### GOAL OF THE EXERCISE
Find "dadada Jolly 3-in-1" in the material below, then write out that line and every line after it exactly, ending with the last one; skip the pictures.
(EXERCISE MATERIAL begins)
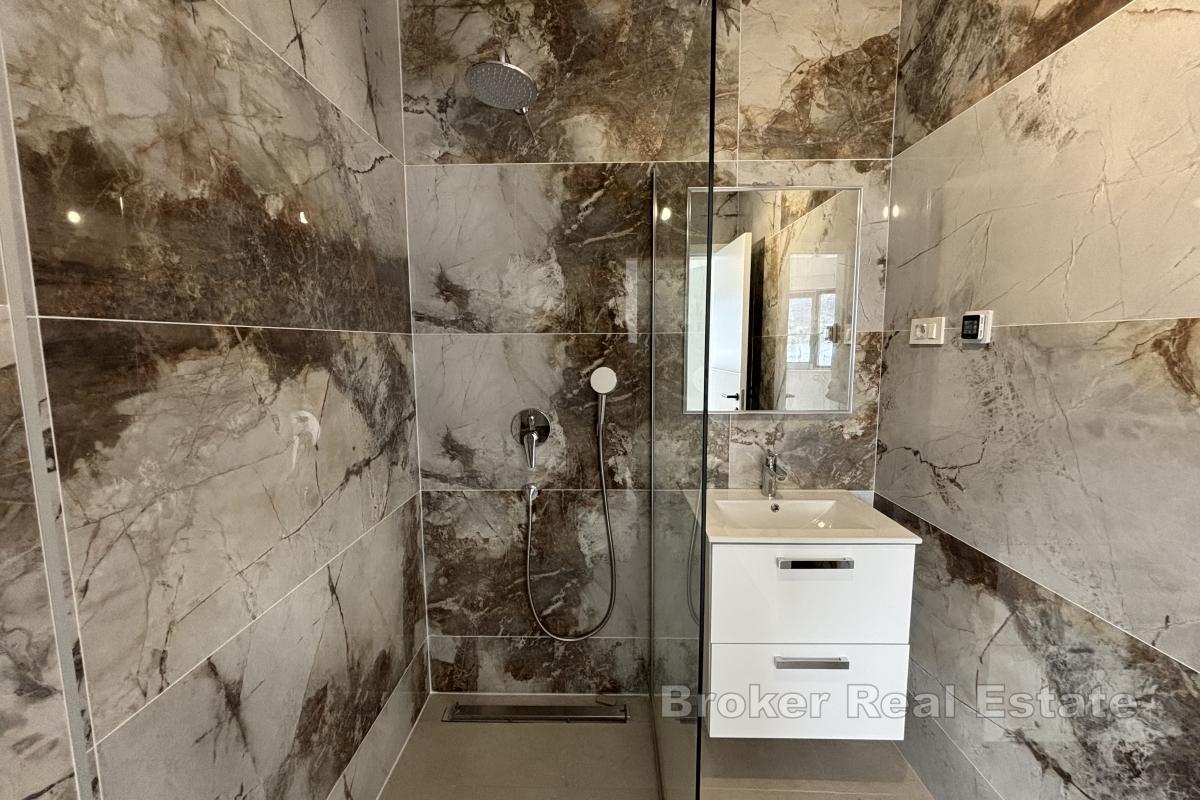 Dvosoban penthouse stan s krovnom terasom u prvom redu do mora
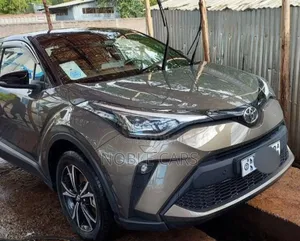 Photo - Toyota C-HR 2022 Gold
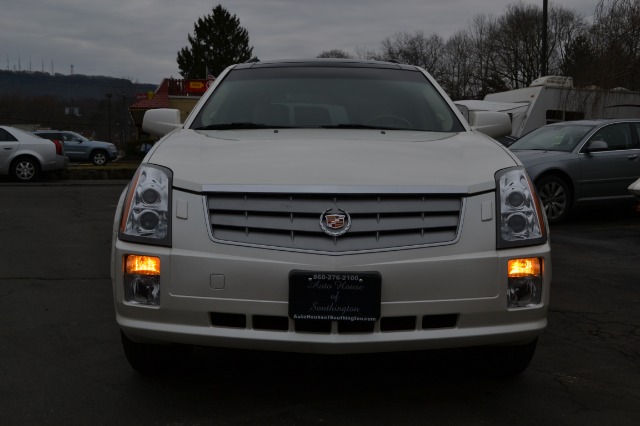 2007 Cadillac SRX Red Line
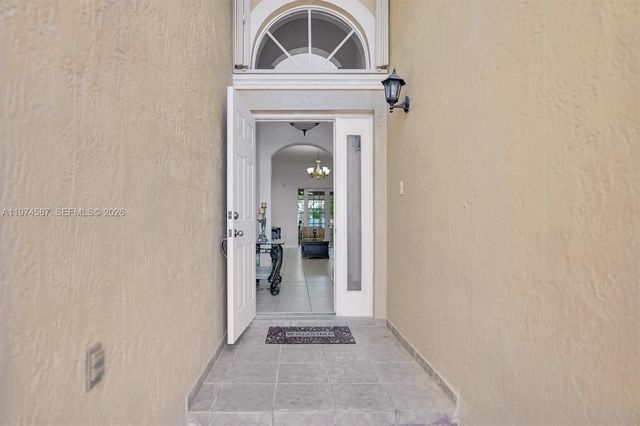 849 NW 136th Ave, Miami, FL 33182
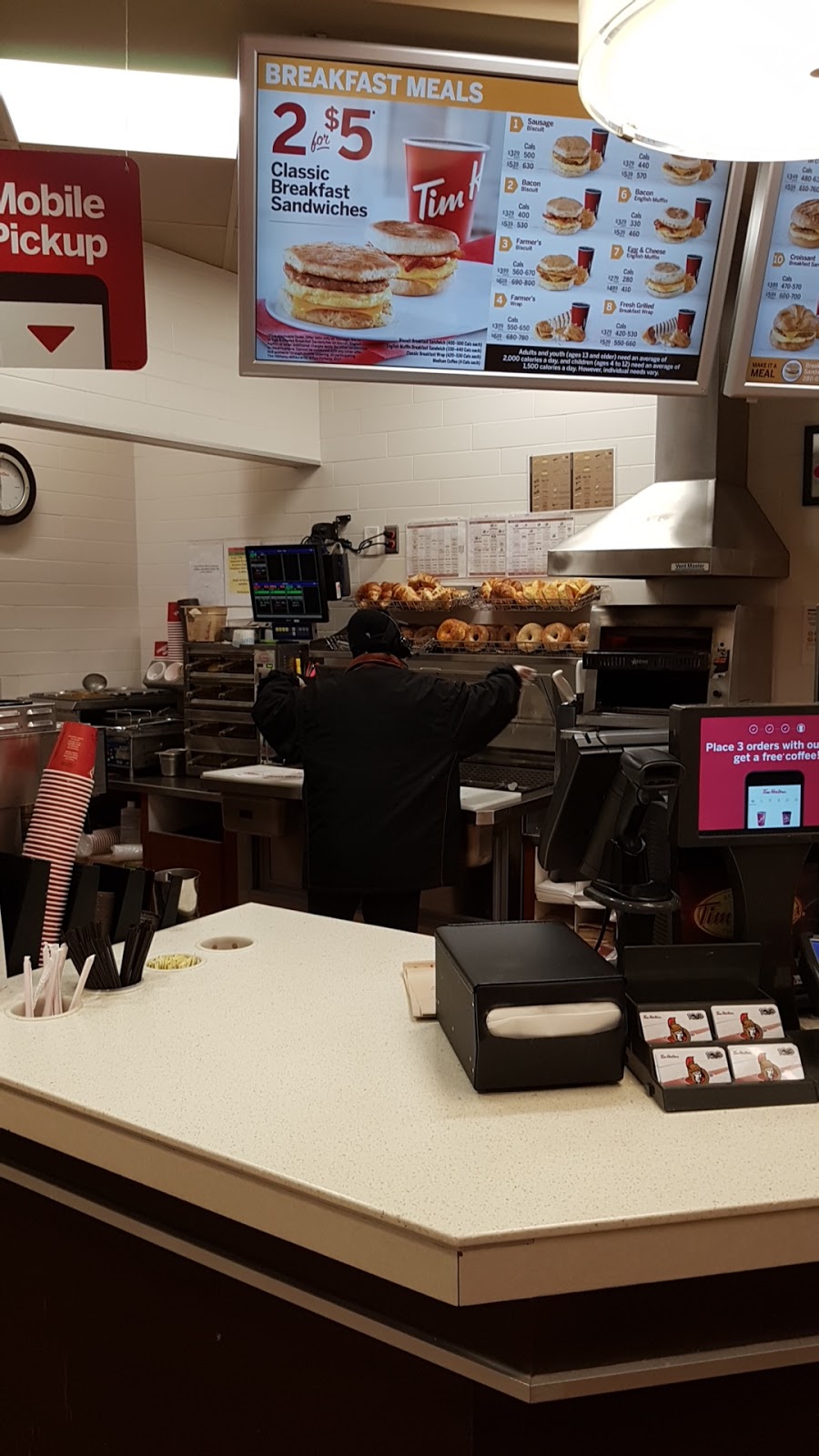 Tim Hortons | 401 Hazeldean Rd, Ottawa, ON K2T 1T8, Canada | Phone: (613) 592-6223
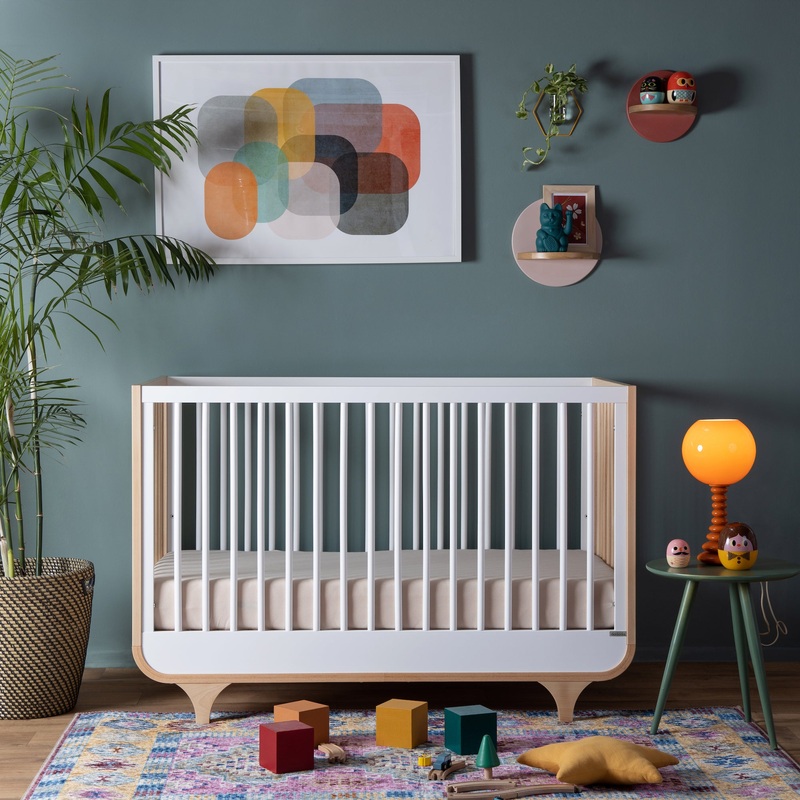 dadada Jolly 3-in-1 Convertible Crib White/Natural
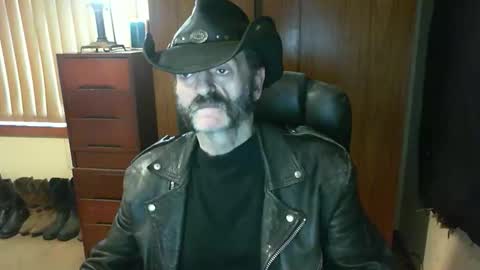 Snapshot of leathergreaser chatting on September 9, 10:43 pm leathergreaser online show from September 9, 10:43 pm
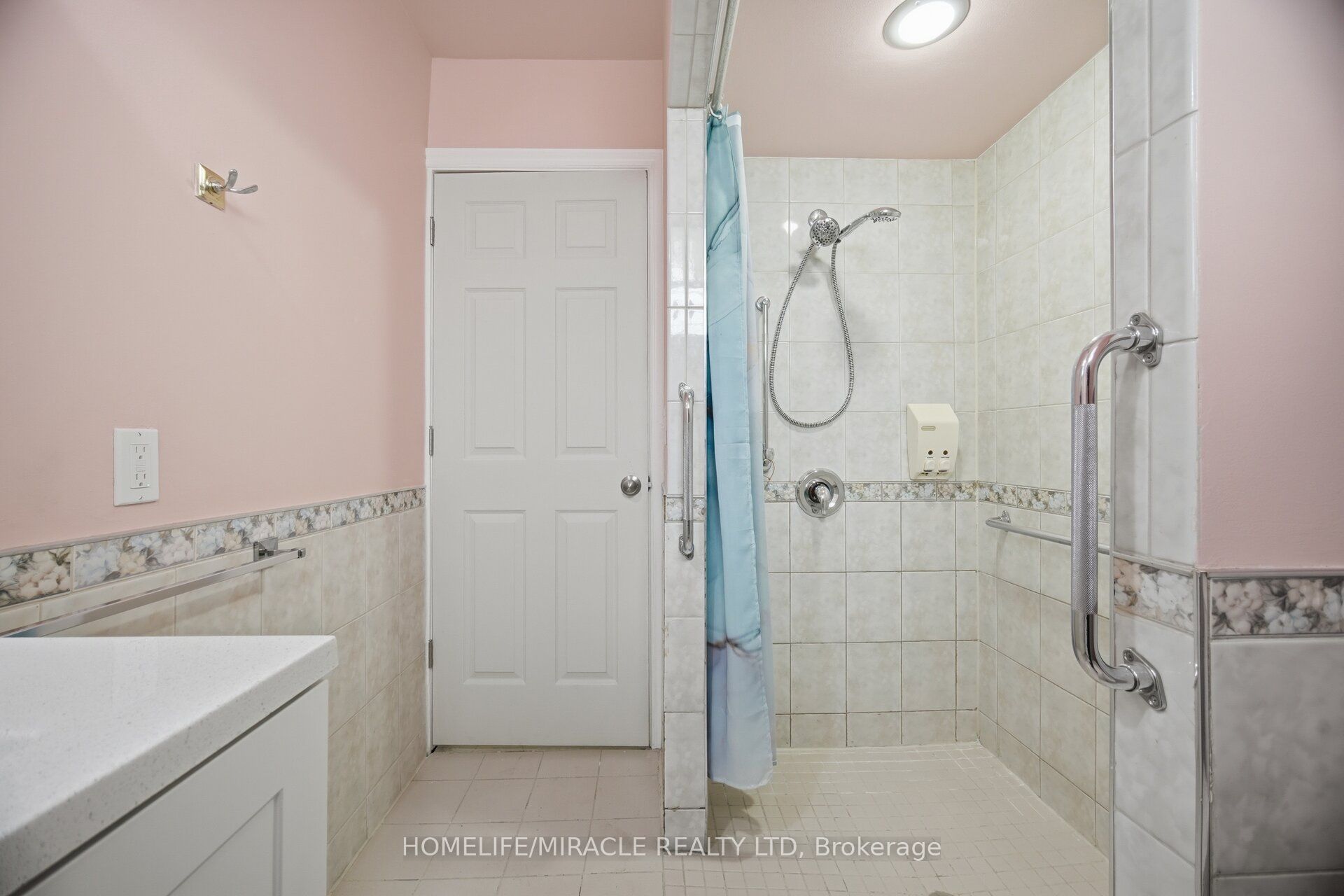 25 Hope Avenue Property Photo 19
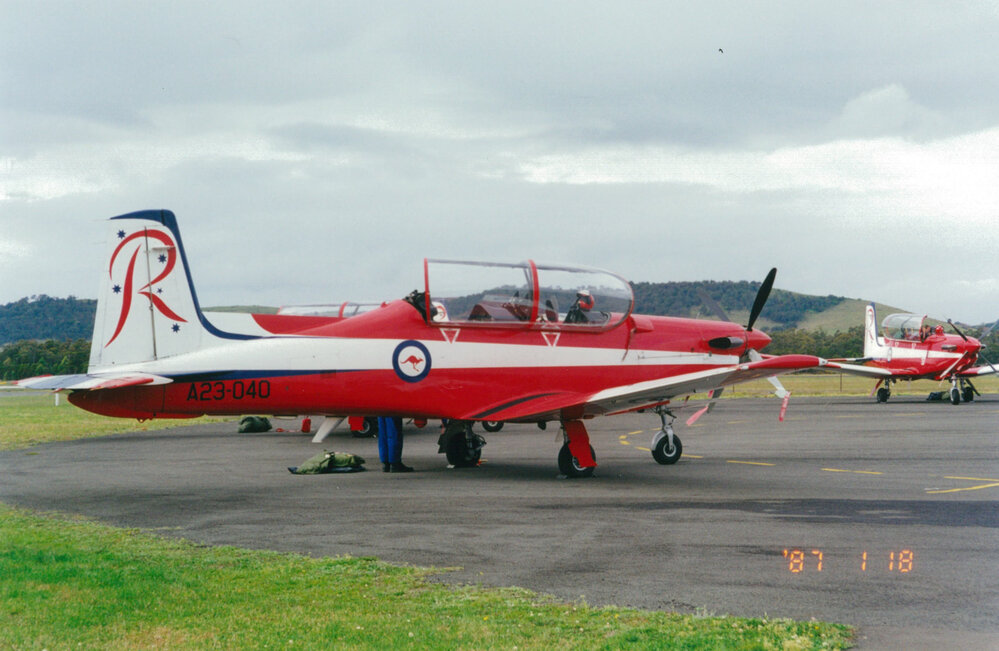 The RAAF Roulettes at Albion Park Aerodrome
(EXERCISE MATERIAL ends)
### EXERCISE RESULT
 dadada Jolly 3-in-1 Convertible Crib White/Natural
 Snapshot of leathergreaser chatting on September 9, 10:43 pm leathergreaser online show from September 9, 10:43 pm
 25 Hope Avenue Property Photo 19
 The RAAF Roulettes at Albion Park Aerodrome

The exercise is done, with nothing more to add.